The Raposa Serra do Sol is an area of roughly 1.7 million hectares (4.2 million acres) in northeastern Roraima, a Brazilian state on the border with two neighboring countries: Guyana and Venezuela. Land conflicts opposing indigenous peoples and big farmers and rice producers, who illegally took over parts of the reserve, have reportedly happened in the area over the course of many years.
In 2009, Brazil’s Supreme Court backed the full demarcation of the reserve and ordered that rice producers and all non-indigenous residents vacate the area. In 2013, the top court ruled once again in favor of the original criteria used to demarcate the Raposa Serra do Sol Indigenous Land.
This week, the far-right president-elect Jair Bolsonaro said the land should be exploited. “It’s the richest area in the world. You can explore it rationally. On the Indians’ side, paying them royalties and integrating them with society,” Bolsonaro said after attending an event in Rio de Janeiro.
This is not the first time Jair Bolsonaro expresses his intention to allow exploiting niobium in areas in the reserve. “I dream that, maybe one day, we’ll have the Niobium Valley,” said the president-elect in a video posted online.
Another name in Jair Bolsonaro’s administration is also personally interested in challenging the demarcation of the Raposa Serra do Sol Indigenous Land – the future chief minister of the Institutional Security Cabinet (GSI), general Augusto Heleno.
According to Brasil de Fato’s sources, during the process of demarcation of the Raposa Serra do Sol land, Heleno made comments against Lula administration’s indigenous policies, and received a “punishment,” being transferred to a desk job in the Armed Forces until he eventually retired to the Reserve. The punishment would have inflamed the general’s anti-Workers’ Party sentiment.
Also according to sources, one of the arguments used by Heleno to oppose the demarcation at the time was that it would be the “first step” to create an “autonomous state” on the northern border of Brazil.
In an interview granted to journalist Bernardo Mello Franco with the newspaper O Globo this week, the retired justice of Brazil’s Supreme Court Carlos Ayres Britto said the argument is reasonless. “Indigenous lands belong to the federal government. What is the risk to national sovereignty? None.”

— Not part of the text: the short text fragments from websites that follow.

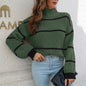 Women Clothing Autumn Winter Mock Neck Stripes Long Sleeve Casual Loose Pullover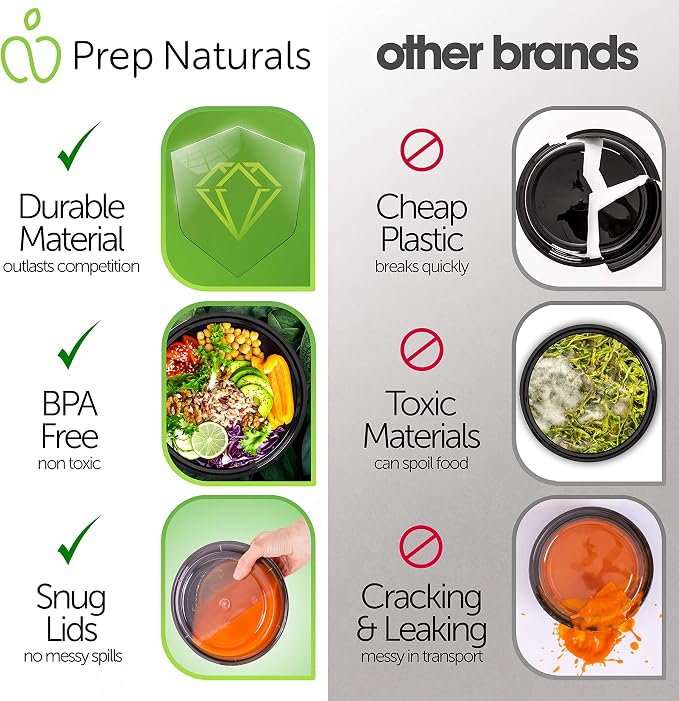 PrepNaturals Reusable Plastic Containers with Lids, 60 Pack, Black, Meal Prep Bowls, Lunch Containers, BPA, PVC and Phthalate Free, Microwave and Freezer Safe | Reusable BPA-Free Meal Prep Containers - Leak-Proof Lids, Microwave & Freezer Safe for Port...
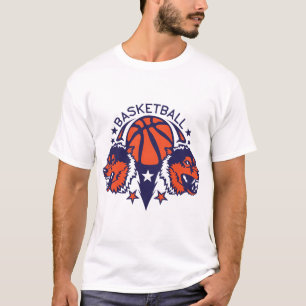 basketball wolf logo sport ball club T-Shirt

The world’s largest deposit of niobium is located in the city of Araxá, Brazil. It has been mined for more than 50 years by the Companhia Brasileira de Metalurgia e Mineração (CBMM). The company alone supplies niobium to around 75 percent of the global market, producing 70,000 tons a year at 40 dollars per kilogram.
According to the journalist and environmental manager André Trigueiro, estimating a 4-percent economic growth rate a year, “those deposits could supply the market for the next 400 years.”

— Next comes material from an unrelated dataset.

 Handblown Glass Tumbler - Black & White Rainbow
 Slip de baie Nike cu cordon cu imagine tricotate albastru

A report published by newspaper Valor Econômico showed the president-elect’s team is planning a decree to challenge the current terms that protect Raposa Serra do Sol.
Historic debt with indigenous peoples
Ayres Britto, who was the chief justice of the Supreme Court when the top court first reviewed the case of the demarcation of the Raposa Serra do Sol Indigenous Land in 2009, said Jair Bolsonaro cannot change the boundaries of the territory because the matter is now final and unappealable.
“It was a historic decision,” he said of the 2009 Supreme Court ruling, and for the indigenous residents fighting for their territory, “a conferred right.”
According to the retired justice, there is no reason that could lead Brazil’s top court to reinterpret a decision that was made to “reconcile indigenous peoples’ interests with national interests.”
Ayres Britto criticized the president-elect’s remarks about “integrating” indigenous people with society. He also argued that the State cannot “reverse the payment” of a historic debt once it has paid it and “become a debtor again.”